Segment Start: ENTRIES PROVIDED
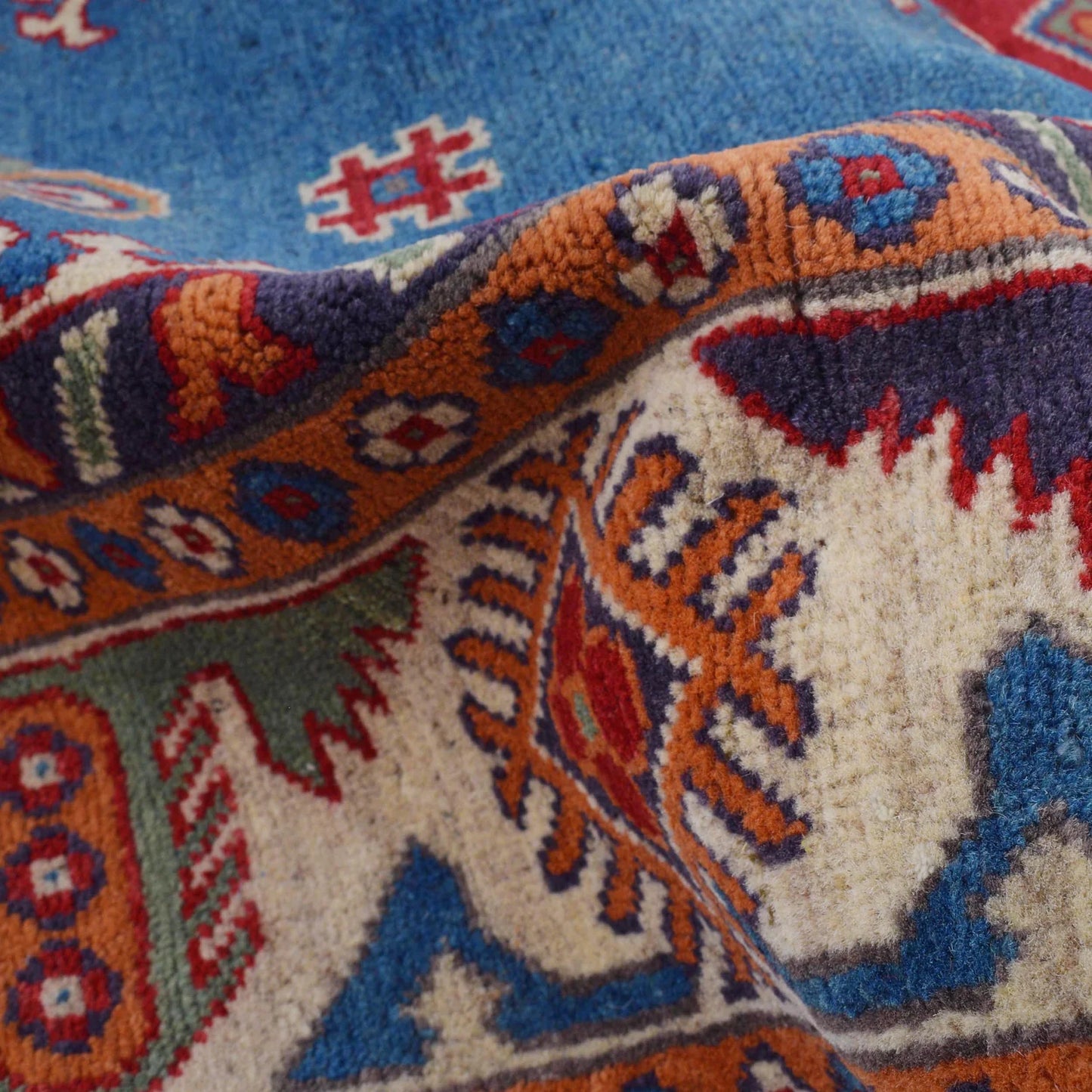 Blue Oriental Kazak Afghan Hand-knotted Rug (KK-217)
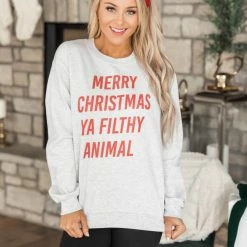 Buy ⭐ Pink Lily Merry 🎁 Christmas Ya Filthy Animal Graphic Sweatshirt ❤️ -Glam-girl Sales 1K0A1802 650x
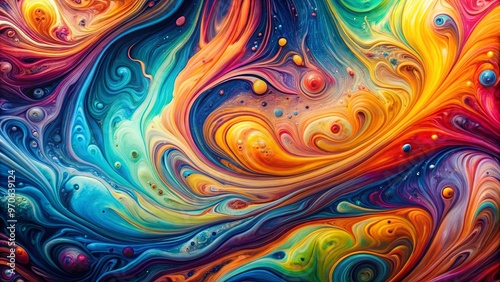 Vibrant fluid art with swirling colors and patterns, perfect for backgrounds and design inspiration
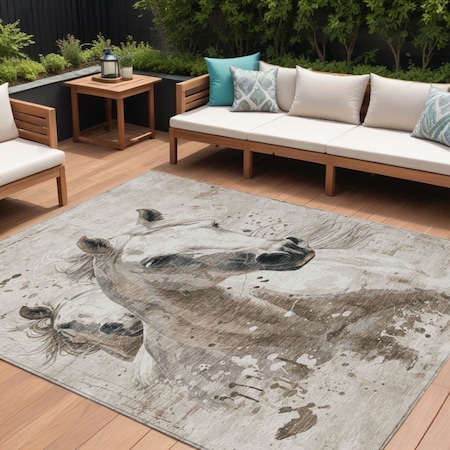 Homeroots 9' X 12' Ivory And Gray Horse Washable Indoor Outdoor Area Rug 618689
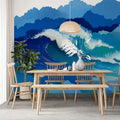 Abstract Coastal Wave Mural Wallpaper — Energetic Painterly Design Mural Wallpaper - pure wallpaper artwork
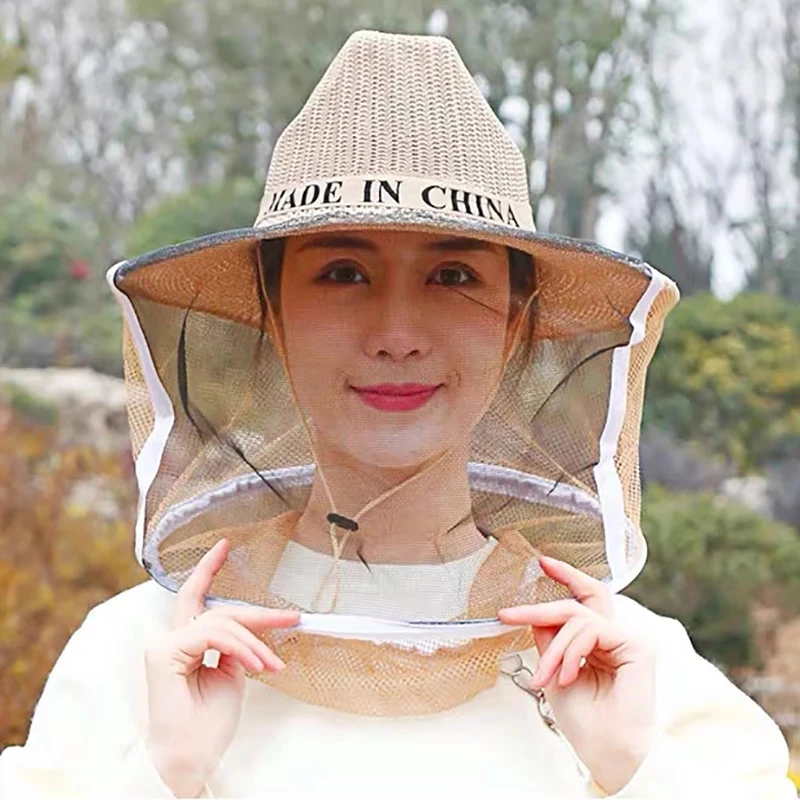 Beekeeper Anti Bee Hat Beehive Anti-mosquito Bites Bee Stab proof Insect Net Veil Head Face Protector Beekeeper Equipment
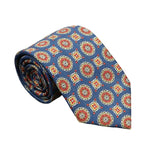 Dark Blue With Red Geometric Medallion Necktie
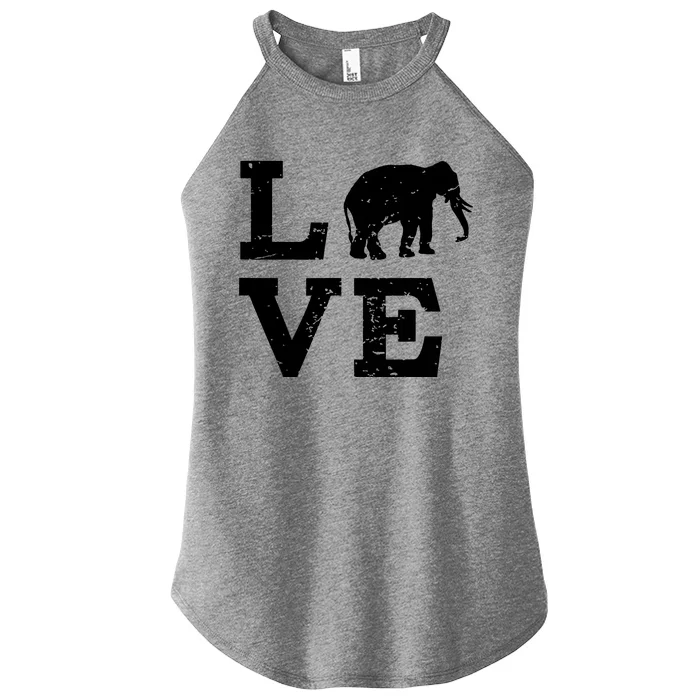 I Love Elephants Women’s Perfect Tri Rocker Tank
Segment End: ENTRIES PROVIDED
_TASK GOAL_
None of the pictures should be copied, but every record above must be returned exactly.

_OUTPUT_
 Blue Oriental Kazak Afghan Hand-knotted Rug (KK-217)
 Buy ⭐ Pink Lily Merry 🎁 Christmas Ya Filthy Animal Graphic Sweatshirt ❤️ -Glam-girl Sales 1K0A1802 650x
 Vibrant fluid art with swirling colors and patterns, perfect for backgrounds and design inspiration
 Homeroots 9' X 12' Ivory And Gray Horse Washable Indoor Outdoor Area Rug 618689
 Abstract Coastal Wave Mural Wallpaper — Energetic Painterly Design Mural Wallpaper - pure wallpaper artwork
 Beekeeper Anti Bee Hat Beehive Anti-mosquito Bites Bee Stab proof Insect Net Veil Head Face Protector Beekeeper Equipment
 Dark Blue With Red Geometric Medallion Necktie
 I Love Elephants Women’s Perfect Tri Rocker Tank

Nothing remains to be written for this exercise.